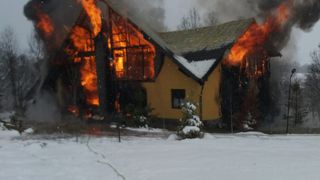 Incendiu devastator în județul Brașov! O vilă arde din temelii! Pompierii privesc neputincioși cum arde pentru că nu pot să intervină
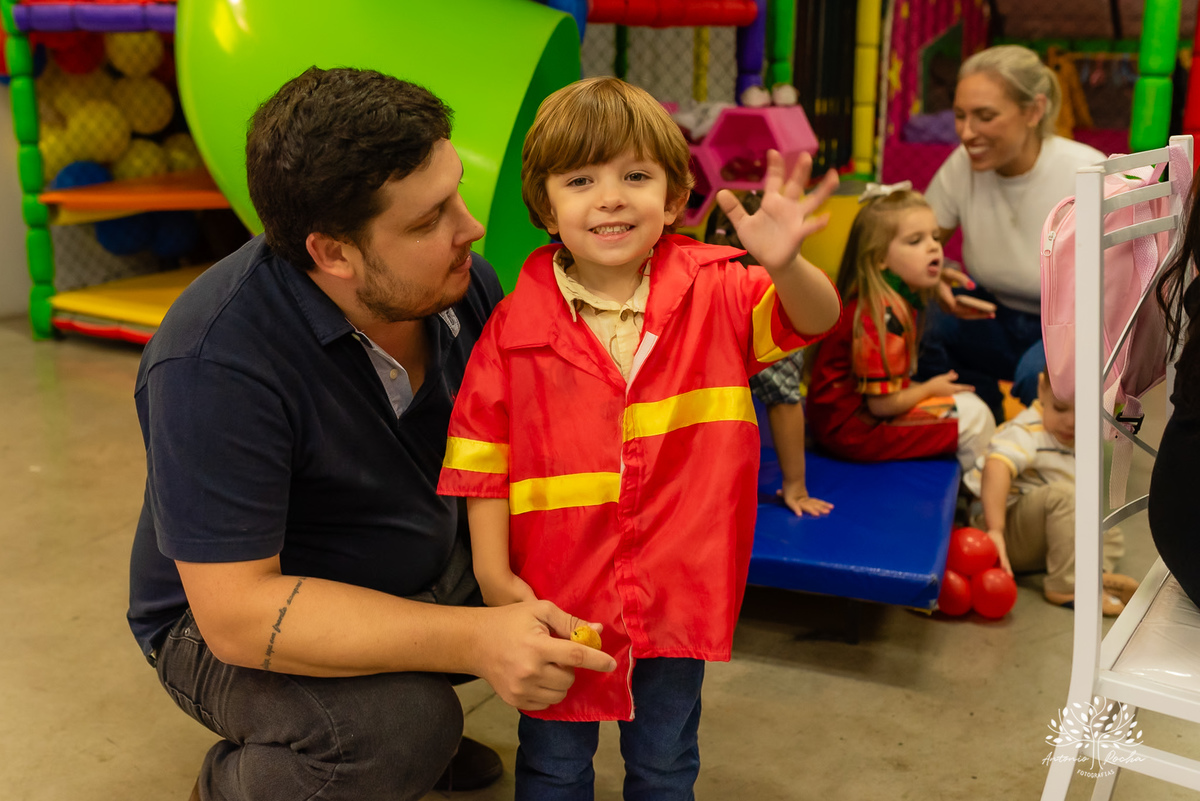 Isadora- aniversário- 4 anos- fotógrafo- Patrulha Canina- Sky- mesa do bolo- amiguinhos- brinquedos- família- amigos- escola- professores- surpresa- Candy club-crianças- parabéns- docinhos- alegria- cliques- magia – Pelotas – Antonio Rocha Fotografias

* * * *

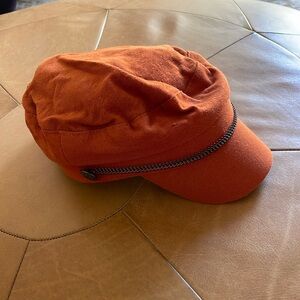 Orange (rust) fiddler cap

* * * *

* YOUR GOAL: Using the data above, retype exactly the lines from the line with "Incendiu devastator în" to the line with "Isadora- aniversário- 4", inclusive. No pictures and nothing else.

* EXERCISE RESPONSE:
 Incendiu devastator în județul Brașov! O vilă arde din temelii! Pompierii privesc neputincioși cum arde pentru că nu pot să intervină
 Isadora- aniversário- 4 anos- fotógrafo- Patrulha Canina- Sky- mesa do bolo- amiguinhos- brinquedos- família- amigos- escola- professores- surpresa- Candy club-crianças- parabéns- docinhos- alegria- cliques- magia – Pelotas – Antonio Rocha Fotografias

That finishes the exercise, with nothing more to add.